In order to simplify the sharing of enumeration values across messages (see example below), they are implemented in C++ as enums and not enum classes. As a result, the enum constant names are global and cannot be defined more than once. The example below illustrates how to handle a case where you have odd enum set intersections.

result = (
  success: 0,
  timeout: 1,
  unknown-error: 2,
)

message1 = {
  result: &(
    result,
    invalid-input: 10,
    internal-error: 20,
  )
}

message2 = {
  result: &(
    result,
    invalid-input: 10,  ; ERROR - redefinition of enum constant in resulting C++
    cancelled: 30,
  )
}
result = (
  success: 0,
  timeout: 1,
  unknown-error: 2,
)

invalid-input = (
  invalid-input: 10,
)

message1 = {
  result: &(
    result,
    invalid-input,
    internal-error: 20,
  )
}

message2 = {
  result: &(
    result,
    invalid-input,  ; OK - reference existing enum in resulting C++
    cancelled: 30,
  )
}

As a corollary, care should be taken to not allow duplicate enum constant values in enums that are used together.

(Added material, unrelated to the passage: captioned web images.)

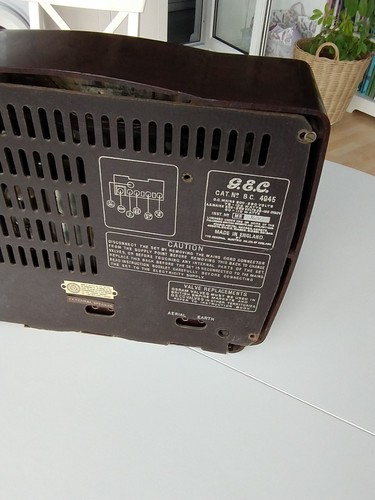 Bc4940 bakelite valve - bc4940,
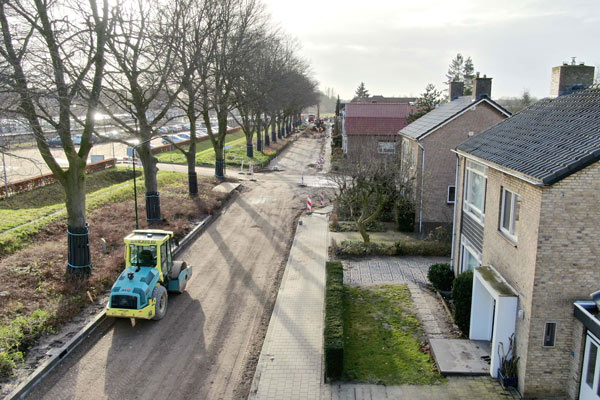 AVG Wegenbouw saniert dieBontse- en Beversestraat in Cuijk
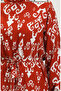 Viscose Dress with Trim 0385-02 Terracotta Color - 4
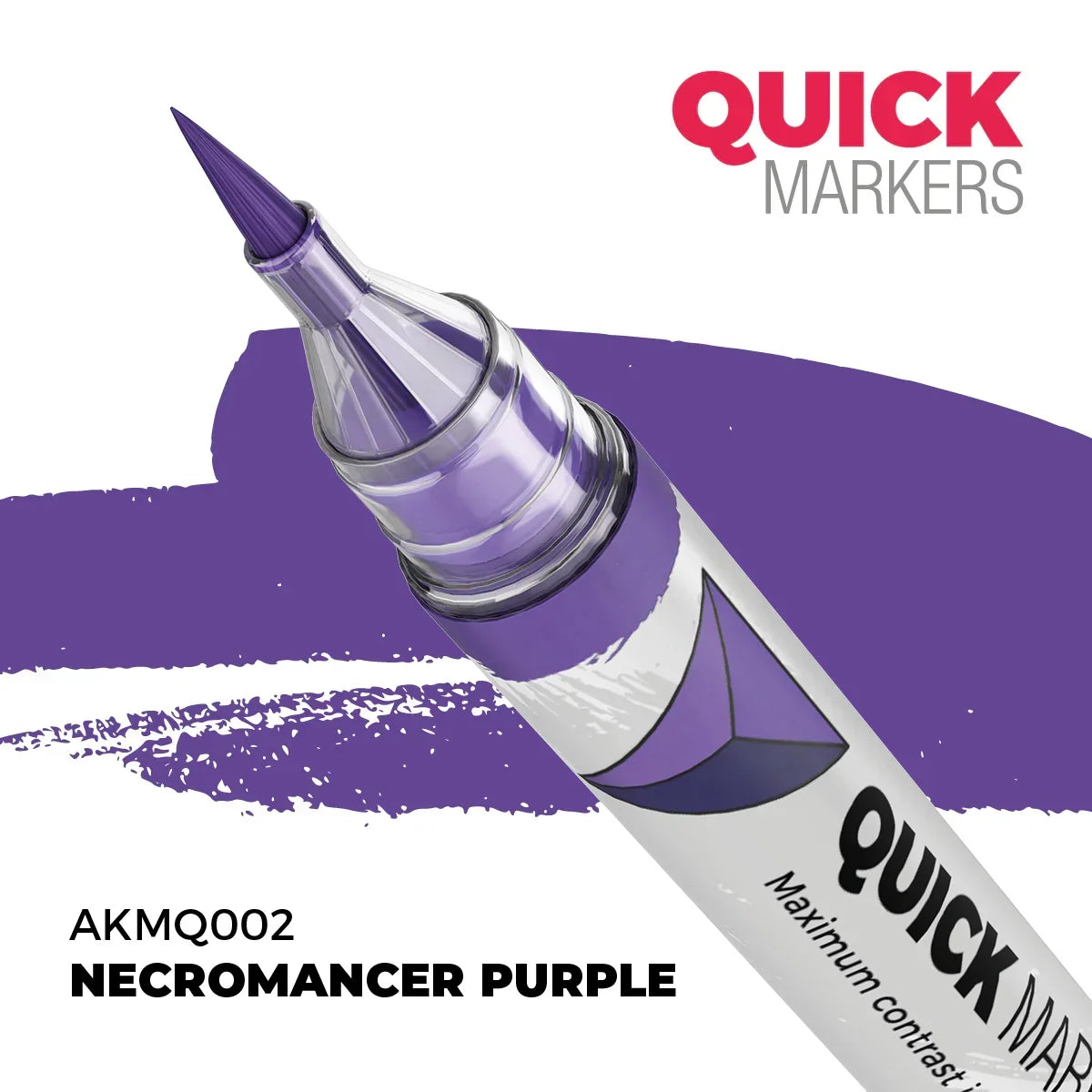 AK Interactive AKMQ002 Quick Markers Necromancer Purple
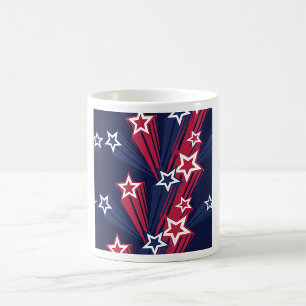 Patriotic 4th of July Stars Red White And Blue Coffee Mug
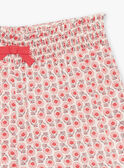 Short nude à imprimé fleuri FLUSHOETTE / 23E2PFQ1SHOD319
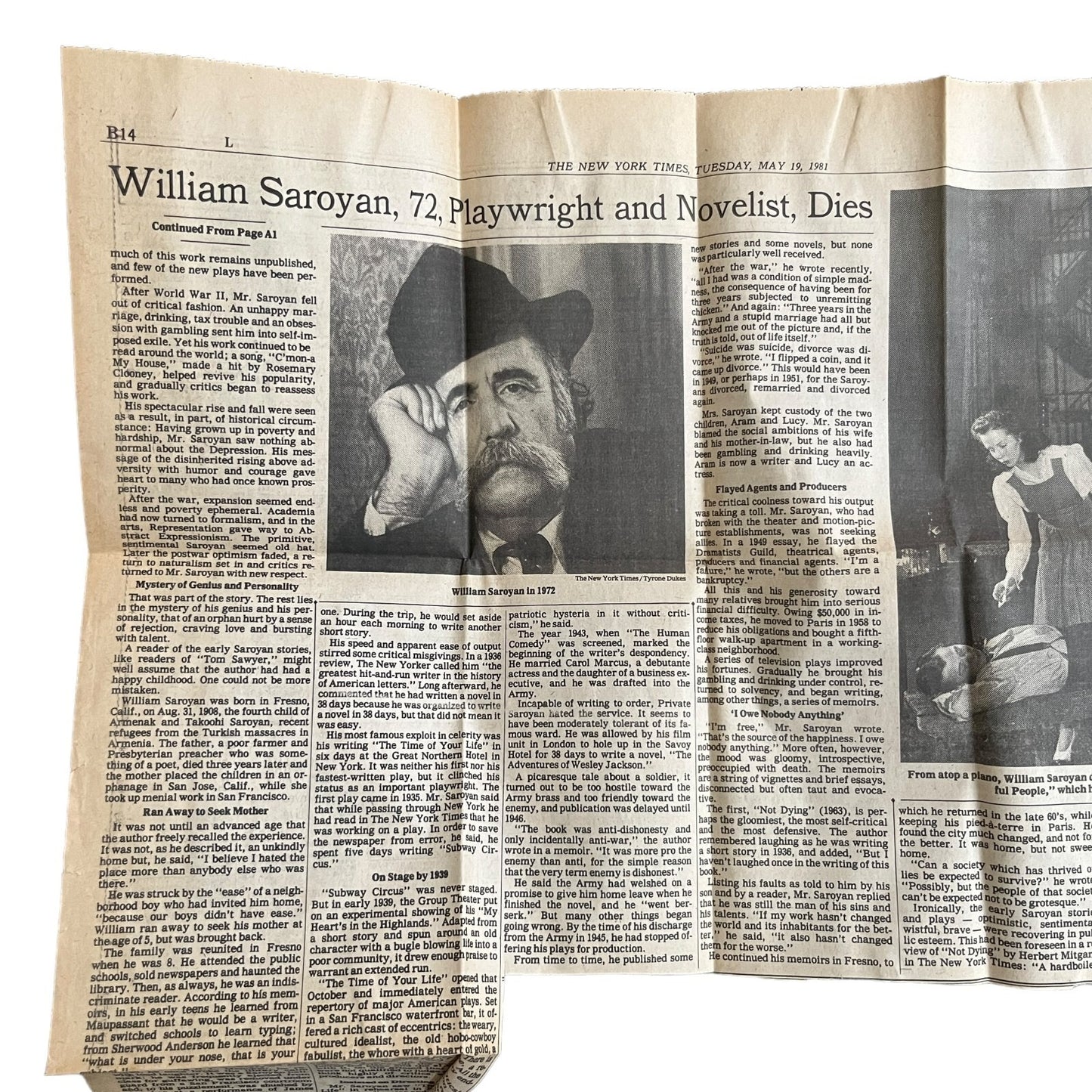 Days of Life and Death and Escape to the Moon by William Saroyan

TODO(btolsch): Make this a compiler check.

Implementation Overview

The implementation is broken up into the following files:

  • main.cc: Compiler driver. Command line arguments are:
    • --header <filename>: Specify the filename of the output header file. This is also the name that will be used for the include guard and as the include path in the source file.
    • --cc <filename>: Specify the filename of the output source file.
    • --gen-dir <filename>: Specify the directory prefix that should be added to the output header and source file.
    • A filename (in any position) without a preceding flag specifies the input file which contains the CDDL spec.
  • cddl.py: Python adapter to allow the tool to be invoked as a GN action.
  • parse.cc: Parser which produces a tree of AstNodes corresponding to the input's derivation in the grammar.
  • sema.cc: “Semantic analysis” step (named for clang's semantic analysis layer) which generates a table of CppTypes. CppType represents something that will become a C++ type in the final output.
  • codegen.cc: C++ generation step which outputs struct, enum, and function declarations to the specified header file and function definitions to the specified source file.

Grammar

Since CDDL is still an IETF draft spec and the grammar has changed at least a few times, the grammar used for this implementation is duplicated in grammar.md.